Pawel Brodzinski said…

I shall print this post and hand it out to 50%+ of agile coaches I meet. They will be surprised.

But being serious, I believe this is what we were asking for. On one hand way too much orthodoxy among agile thought-leaders, on the other going into mainstream where many organizations just need another badge (yup, we are agile - see this cert) and that’s the result. We end up hard-coding rules which makes the approach less and less applicable, as feasibility of applying any solution is always driven by its flexibility.

No wonder that we see more and more agile adoption failures.

Yet still, I believe that what you’ve written is very important. Not that it’s so fresh and new - with a bit of good will it can be called common sense. It is because it still may save a bunch of transitions which are, say, challenged.

Mike Cohn said…

Hi Pawel—
Thanks for your comments. Too many people are too pedantic about agile—it’s a set of principles that lead to an ever-evolving set of good practices in different contexts. And, yep, it leads to failure too often.

Oliver Smith said…

I think you’re spot on here.  However, I would be tempted not to even limit it to those rules.  The problem with a bunch of rules, is that there’s nearly always an exceptional edge case where they can be broken.  the whole working in iterations idea, is all well and good, but do I have to use iterations to be agile?  I don’t think so.

For me the problem is a lack of understanding in application of agile process theory.  I agree that too many books published provide too many hard and fast rules around how to “do” agile rather than say, in this situation our team did this and here’s the result, this is what we went on to improve.

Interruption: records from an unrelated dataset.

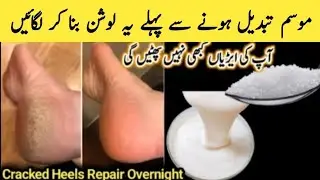 Hand and feet repair cream/ How To Save Money 🤑💸💰And Time With These Clever Hacks #diy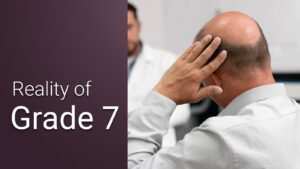 grade 7 hair transplant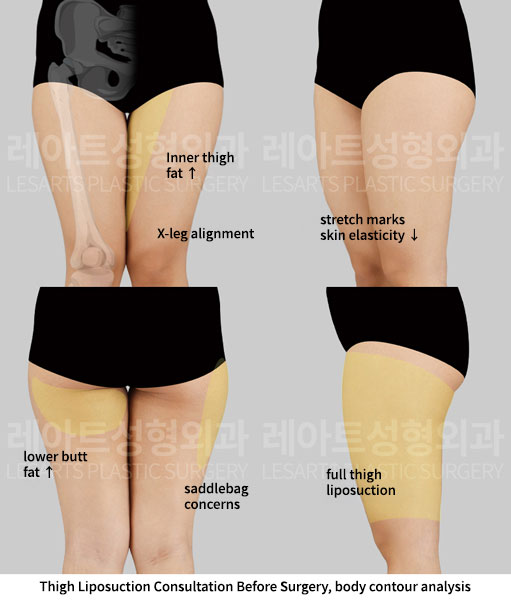 thigh-liposuction-02-01-251201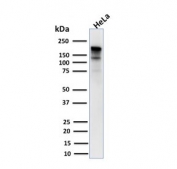Western blot testing of human HeLa lysate with MSH6 antibody. Expected molecular weight: 120-160 kDa depending on phosphorylation level.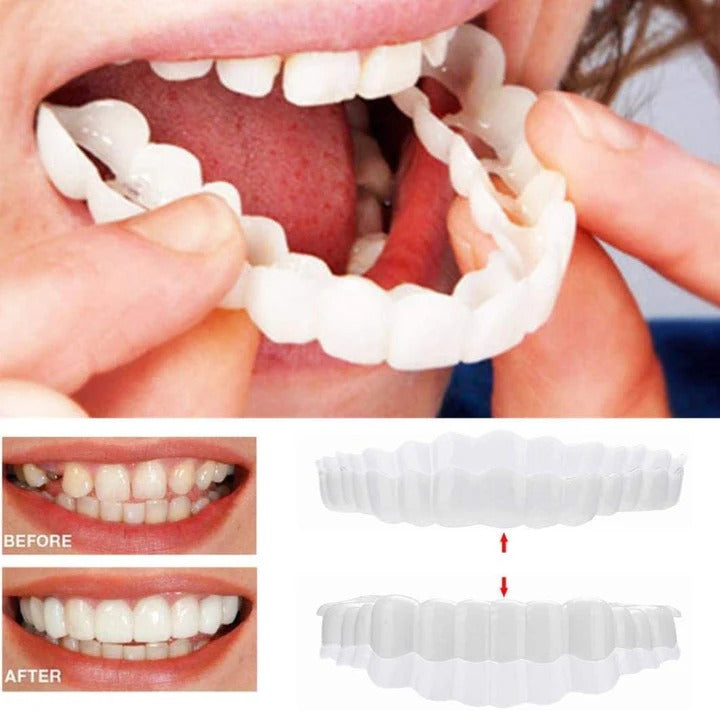Skanto | Avtagbare Smile Veneers for Øvre og Nedre Tenner
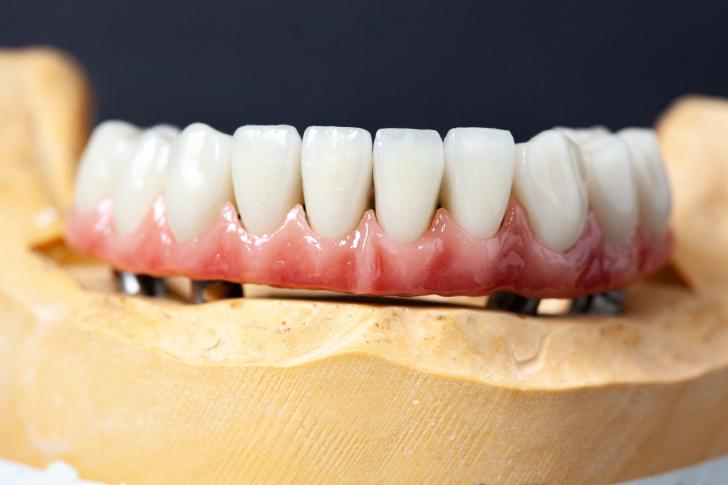 Corona dentale che si muove Corona dentale che si muove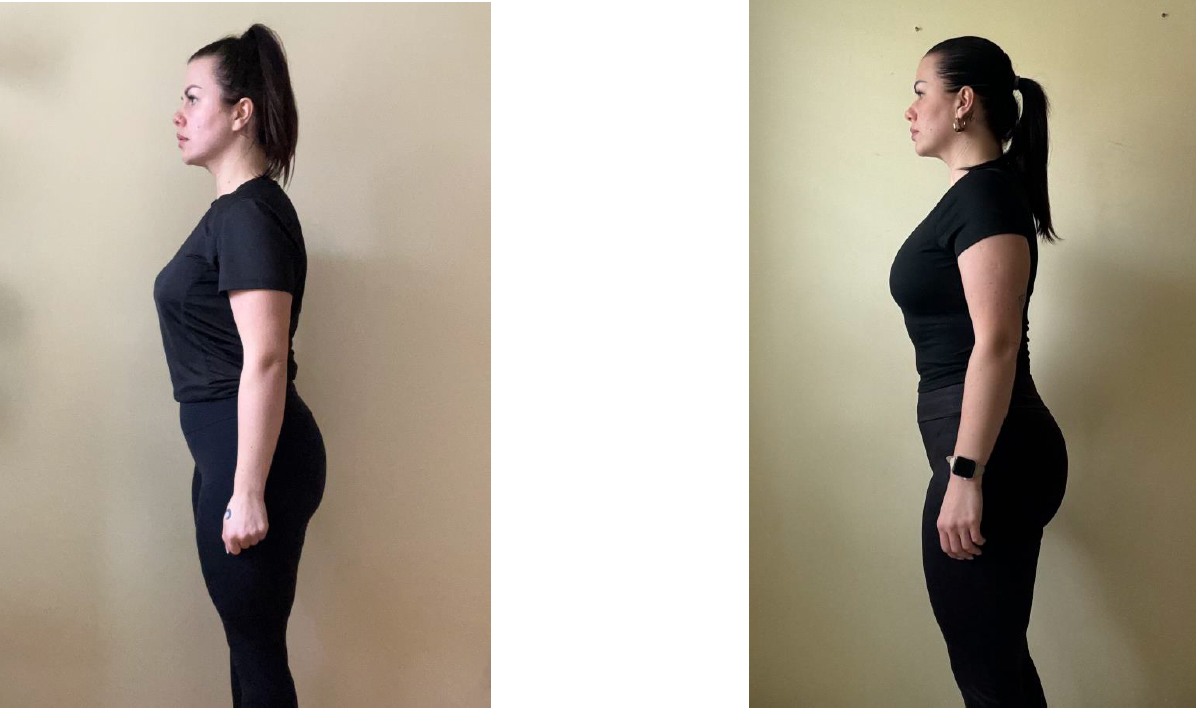 Ibiza beauty Store TRME Results Before And After Review Side View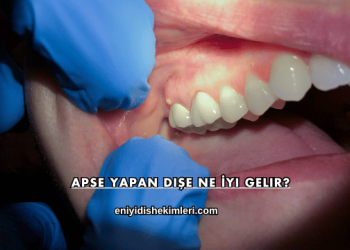 Apse Yapan Dişe Ne İyi Gelir?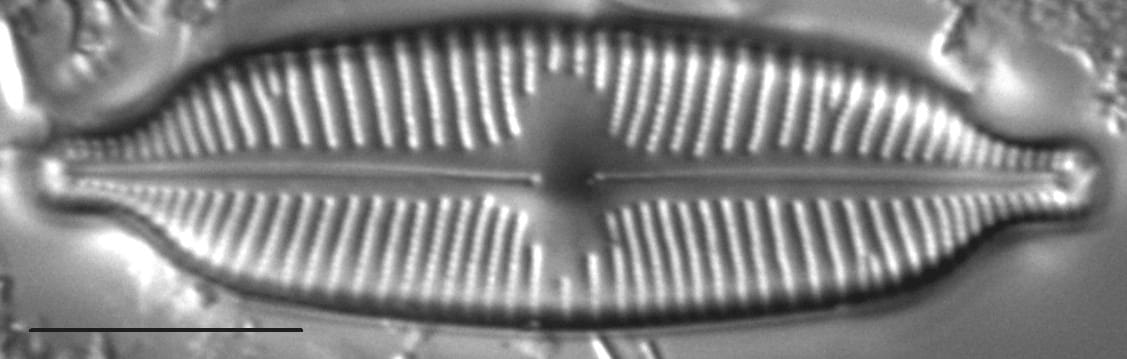 Cymbopleura elliptica LM6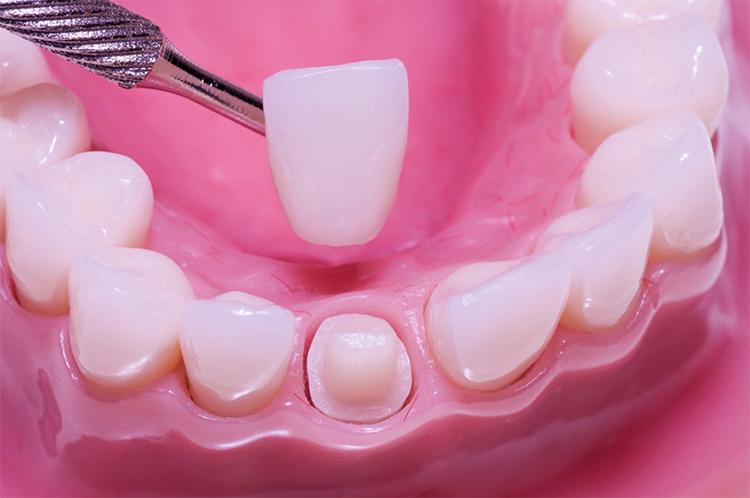 Does Dental Insurance Cover Crowns? 1 Does Dental Insurance Cover Crowns Does Dental Insurance Cover Crowns?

You are right that people are getting too bogged down in trying to define Agile with an ‘A’ as opposed to an ‘a’, writing books and cashing in is all very well, but if you’re being prescriptive, then the risk is that you harm the craft and reduce overall progress in software development process improvement.

Mike Cohn said…

Hi Oliver—Thanks for your comments. I didn’t think very hard about the short list I provided. I’m sure there are many other rules we could say are valid. Perhaps, “Don’t stick just to your job title. Work beyond that to help the team.” And, yes there can always be extenuating circumstances for even obvious rules—-“Drive on the right side of the road” is one I follow. But a better rule might be “Drive on the right side of the road until a semi truck is headed for you in that lane.”  But then we could also add, “unless there’s a massive pothole in that side of the road and you need to safely go around it on the left.”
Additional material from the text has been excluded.